Button also said that as Huntsman and Romney are gaining attention as Mormons, "the statement may be an attempt to maintain an equal playing field for those candidates without coming out strongly for one or the other" or any other candidate.

Of note, the church's website featured on Monday a statement proclaiming neutrality in matters of party politics that said the church still reserves "the right as an institution to address, in a nonpartisan way, issues that it believes have significant community or moral consequences or that directly affect the interests of the church."

Former U.S. Sen. Bob Bennett, R-Utah, who is LDS and a descendant of former LDS Church President Heber J. Grant, said the new letter may help the church distinguish itself from other churches that do endorse candidates or even hand out voter guides before elections.

"In many people's minds, they lump the church in with evangelical groups" and others that do that, he said. "This may help resolve that."

Bennett said he also believes the new First Presidency letter represents what basically had been recent church policy, "but it's never been quite that specific."

For example, he said when the late Richard Wirthlin — the former pollster and aide to Ronald Reagan — was named as a general authority seventy, "He said to me, 'I am under the same restriction as a member of the Twelve [apostles]. I cannot participate.' "

Bennett said the church has added many other "area seventies," who work part time for the church and full time at other jobs, and some of them have jobs requiring political fundraising as part of their work. He said an example is Jack Gerard, CEO of the American Petroleum Institute.

"I think saying to Jack Gerard, 'You cannot raise money for Mitt Romney' might lead him and others in similar positions to say, 'Wait a minute, that's my profession.' I think this may be a clarification of what has probably been understood as the policy to now. But I am not an authority on this," Bennett said.

The former three-term senator said that when he announced he was running for office in 1992, "I was told, 'Well, you have to be released as bishop because we can't have a bishop who's a candidate for major statewide office.' They never got around to releasing me," until two weeks before the election, "so I don't know how official that really is."

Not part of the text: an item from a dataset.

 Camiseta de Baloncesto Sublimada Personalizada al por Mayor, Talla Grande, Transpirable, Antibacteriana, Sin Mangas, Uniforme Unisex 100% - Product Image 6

Tony Semerad contributed to this report. —

Mormon Church officials as candidates, office-holders

In recent history, authorities of the LDS Church have stayed out of direct participation in partisan politics — but that was not always been the case. Church founder Joseph Smith ran for U.S. president in 1844, the year he was killed by a mob. Former U.S. Sen. Reed Smoot, R-Utah, served in the Senate from 1903-33, and was an LDS apostle that entire period. And Ezra Taft Benson served from 1953-61 as Dwight D. Eisenhower's secretary of agriculture while also serving as an apostle.